An Indian-origin research team at New York University has created an artificial intelligence (AI) system coupled with a smartphone app that can spot the difference between a genuine and a fake product.
Using over 3 million images of fabrics, pills, leather, toys, shoes and electronics, the AI algorithms are able to identify a fake product more than nine times out of ten.
“The classification accuracy is more than 98 per cent, and we show how our system works with a cellphone to verify the authenticity of everyday objects,” said Lakshminarayanan Subramanian, Professor at New York University.
The AI system will be showcased at the KDD Conference on Knowledge Discovery and Data Mining in Halifax, Nova Scotia, Canada, on August 14. As part of this initiative, a startup founded at New York University, called Entrupy Inc., will commercialize the product, which essentially works through a iOS app for both iPhone and iPad.
“The underlying principle of our system stems from the idea that microscopic characteristics in a genuine product or a class of products – corresponding to the same larger product line–exhibit inherent similarities that can be used to distinguish these products from their corresponding counterfeit versions.”

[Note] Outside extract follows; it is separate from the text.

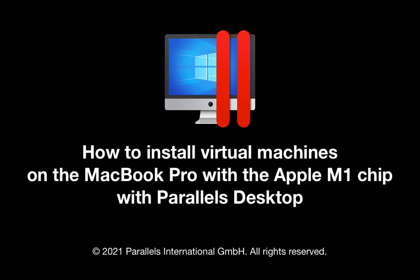This short video shows the installation of two virtual machines on the MacBook Pro with the Apple M1 chip in the recently released Parallels Desktop 16.5. The first virtual machine is Ubuntu Linux and the second one is Windows 10.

So, while there may be minor differences in quality within a particular genuine product line, there are similarities at the microscopic level that the algorithms pick up on to identify whether or not a product is genuine.
There are several methods to detect fake products, but most are intrusive and require invasive techniques that can often damage the product being analyzed. The Entrupy method using AI algorithms, on the other hand, is non-intrusive since it primarily uses imagery that is compared with a known dataset of millions of images.
Entrupy Inc. was founded by Ashlesh Sharma, Vidyuth Srinivasan, and Laxminarayanan Subramanian, who will be presenting the product at the Canada event tomorrow, August 14.